Наконец, на пятом уровне у оппозиционных сил уже можно обнаружить некие вполне рациональные, хоть и сугубо корыстные интереса Они замышляют грандиозный заговор против Беларуси и ее президента. Их враждебную политику и мотивы в свою очередь можно разделить на несколько составляющих. Прежде всего Лукашенко приклеивает на своих противников ярлык «бывшие», т. е. люди, находившиеся раньше у власти и дискредитировавшие себя. «Это все «бывшие» плюс пенсионеры, которые очень успешно годами сидели «у кормушки» Лукашенко: Войтович, Кравченко, Козулин и прочие. Они же «хрюкали у кормушки» Лукашенко! Окрепли, встали на ноги, проворовались или заняли предательскую позицию. Ну вы бы держали их у себя в команде? Нет. И я их отправил»; «Те, кто сегодня рвется к власти, в свое время пропили все».

По представлению Лукашенко, одним из самых страшных грехов оппозиции в глазах населения Беларуси, а особенно российского общества является национализм, который в интерпретации президента автоматически отождествляется с фашизмом. Наиболее часто он обращается к этой теме при выступлении перед российской аудиторией. «Националистическое отребье», «национал-фашиствующая радикальная оппозиция» является наследницей фашистских оккупантов. «У них чисто фашистские методы, — те силы, о которых я говорю, что им чуждо все русское. Они ненавидят и нашего восточного человека, ни русского человека здесь. Не дай Бог, они бы пришли к власти. Полный геноцид, как в Прибалтике, по отношению к двухмиллионному русскому населению в Беларуси».

Спекулируя на поддержке белорусской оппозиции со стороны Запада, Лукашенко стремится доказать, что его оппоненты — коллаборационисты, продавшие родину западным хозяевам, «пятая колонна». Президент регулярно обращается к этой теме, рисует красочные сюжеты заговора по захвату Беларуси западными странами с помощью оппозиционеров. «Оппозиция, существующая на зарубежные деньги… — это не оппозиция, это боевые отряды по проведению чужих интересов и политики у нас в стране»; «Нашли хорошую кормушку — западные подачки.

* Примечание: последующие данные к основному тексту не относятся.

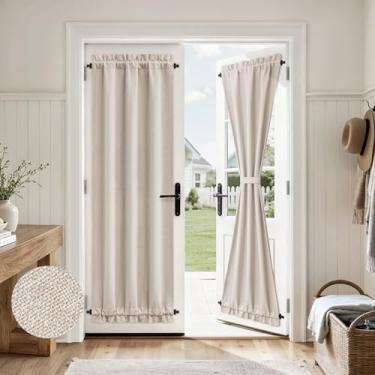 Imagem de HOMEIDEAS Cortina de porta francesa 100% blackout de linho, decoração moderna de cortinas de janela de porta de fazenda, persianas isoladas de privacidade com amarração para frente, janela de vidro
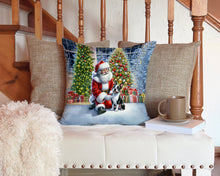 Load image into Gallery viewer, Boston Terrier and Santa Claus Throw Pillow - 14x14 Decorative Pillow – Art for Your Home &amp; Patio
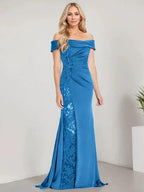 A-Line Off the Shoulder Floor-Length Mother of the Bride Dress Applique Beadings Mermaid Dress With High Split by Dreamylily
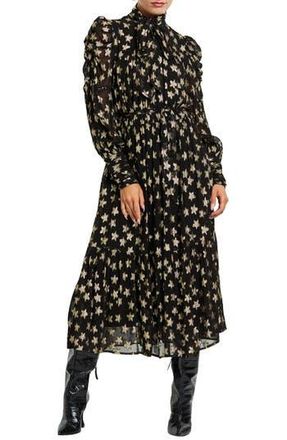 Ciebon Adelle Metallic Star Print Long Sleeve Midi Dress in Black at Nordstrom Rack, Size X-Large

Это их политический бизнес, приносящий немалые доходы. Вот и продают интересы своего народа, потеряв всякую совесть, а за полученные деньги планируют рассчитаться достоянием Беларуси»; «Понятны и помыслы тех, кто их финансирует. Это выгодное вложение капитала. Если удастся продвинуть на должность президента прикормленного человека, они получат белорусские заводы, фабрики. Всю нашу страну и нашу землю»; «Эти ненавистники славянского народа и теперь хотят отдать белорусов в подчинение и обслуживание «цивилизованным европейцам»… снизить интеллектуальный потенциал народа, превратить белорусов в покорных рабов иностранных «хозяев». В довершение зловещей картины оппозиционеры, по уверениям президента, проходят «подготовку в спеццентрах за рубежом… контакты были со спецслужбами».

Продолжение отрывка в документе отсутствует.